Kazdağı Milli Parkı'nın, aralarında endemik türlerin de
bulunduğu binlerce bitkiye ev sahipliği yaptığını ve dünya ekosisteminin önemli
bir parçası olduğunu anımsatan Öznal ve Taşkın, “Sarıkız Etkinliği” adı altında
yapılan geleneksel konaklamayla ilgisi olmayanların, bölgeyi tehdit ettiğini
söyledi.
Ağustosun 3. haftası konaklamaya izin verilen bölgenin endemik bitki türleri
açısından zenginliğine dikkat çeken Öznal ve Taşkın, yaptıkları ortak açıklamada
şu görüşlere yer verdi:
“Alana çıkılan yol güzergâhının çevresi de hem bitki varlığı hem de yaban
hayatı açısından son derece zengin olup, söz konusu dönemde ortaya çıkan araç
yoğunluğu nedeniyle risk altına girmektedir. Balıkesir ili, Orman Yangınları ile
Mücadele Komisyonu kararlarına göre “Sarıkız Etkinliği” kapsamında geleneksel
olarak kimlerin çıkacağı ve konaklayacağı net olarak belirtilmediği ve çeşitli
yerlerde 'Sarıkız Şenliği', 'Sarıkız Festivali', 'Sarıkız Hayırı' gibi yanlış
ifadeler kullanıldığı için, gelenek dışı amaçlarla alana çıkmak isteyenler,
trafik ve insan yoğunluğu oluşturmaktadır. Bu yoğunluk alanın statüsü ile
tamamen çelişmekte, bitki ve hayvan varlığını ciddi olarak tehdit etmektedir.

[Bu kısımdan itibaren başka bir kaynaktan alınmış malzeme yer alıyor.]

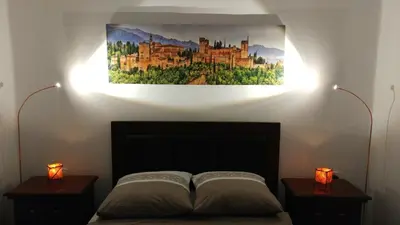 a bedroom with a bed with two lights on the wall at Apartamento Jerez Centro in Jerez de la Frontera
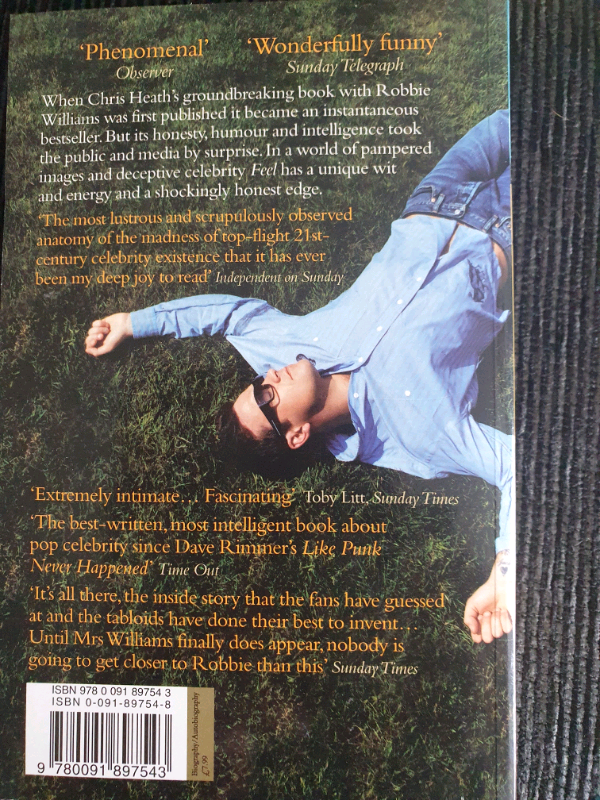 Robbie Williams picture and 2 books
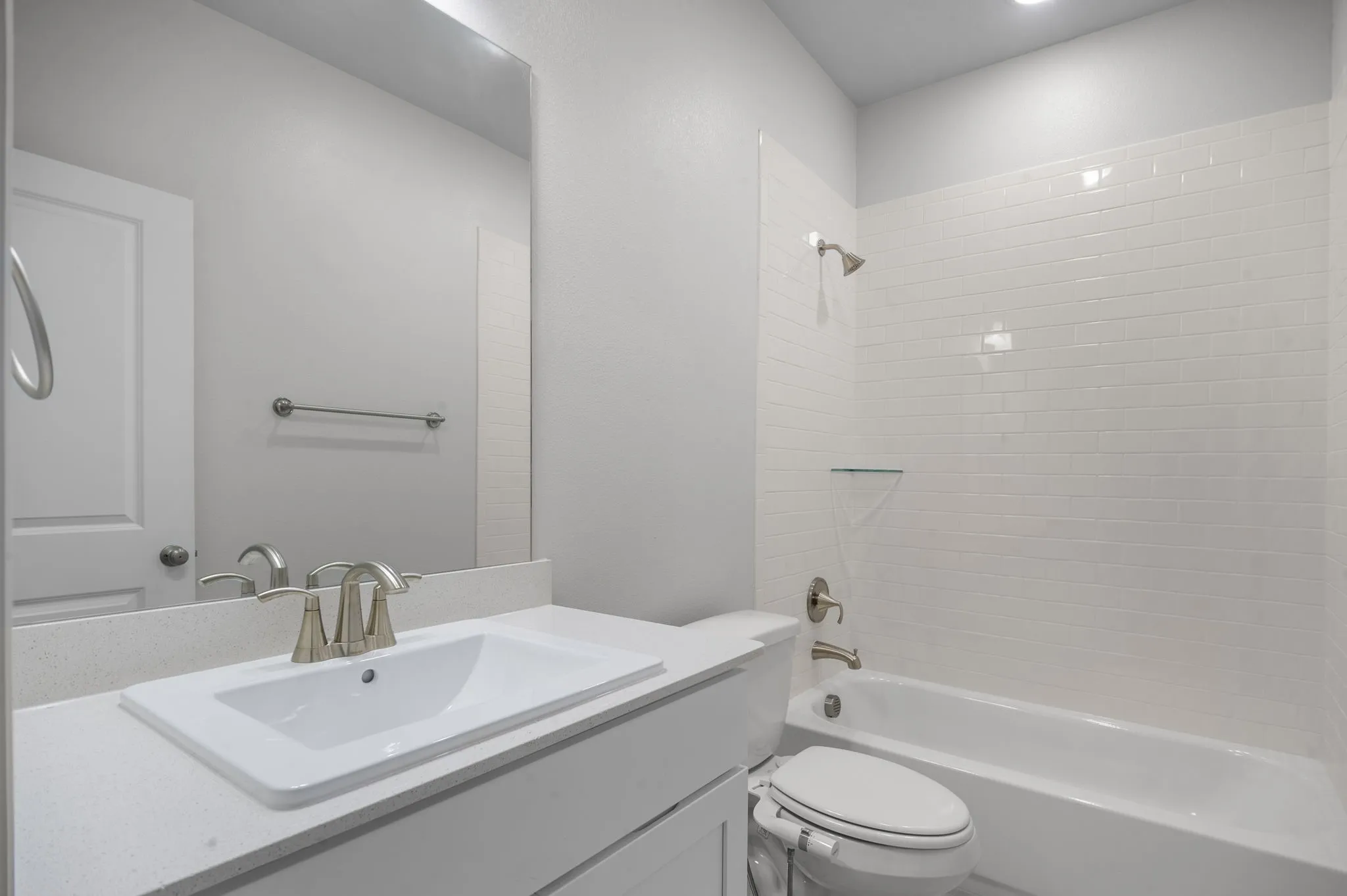 Full bathroom featuring tiled shower / bath, toilet, and vanity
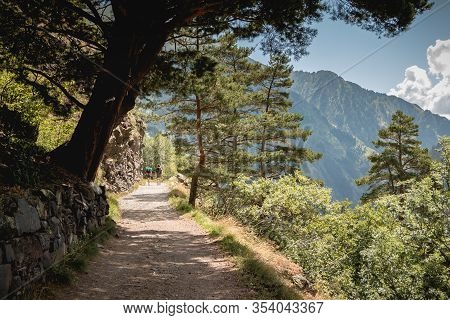 Hikers Climbing A Mountain Path In The Pyrenees In France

İlgili kurumun ve jandarmanın personel yetersizliği nedeniyle; uygun olmayan
araç kullanımının ortaya çıkardığı olumsuz sonuçlar, izin verilmeyen
güzergâhlara girilerek piknik amaçlı ateş yakma, şifalı bitki adı altında birçok
endemik türü toplama, izin verilmeyen noktalarda da çadır ve konaklama gibi
usulsüz durumlarla karşılaşılmaktadır.”
Balıkesir Orman Yangınlarıyla Mücadele Komisyonu'nun, etkinlik süresini 13–23
Ağustos tarihleriyle sınırlamasına karşın, Edremit Kaymakamlığı'nın anlaşılmaz
bir şekilde ve yetkisi dışında, bu tarihi 6-23 Ağustos olarak değiştirdiğinin
belirtildiği açıklamada, “Kontrol edilmesi mümkün olmayan bu kadar uzun süreli
kullanıma izin verenler, yörede yaşayan duyarlı kesime geçerli bir gerekçe
sunmak zorundadırlar” denildi.
Açıklamada, yaşanan yoğunluğun, en çok da yüzyıllardır bölgeye inanç ve
gelenek kapsamında çıkan kesimi rahatsız ettiğine dikkat
çekildi.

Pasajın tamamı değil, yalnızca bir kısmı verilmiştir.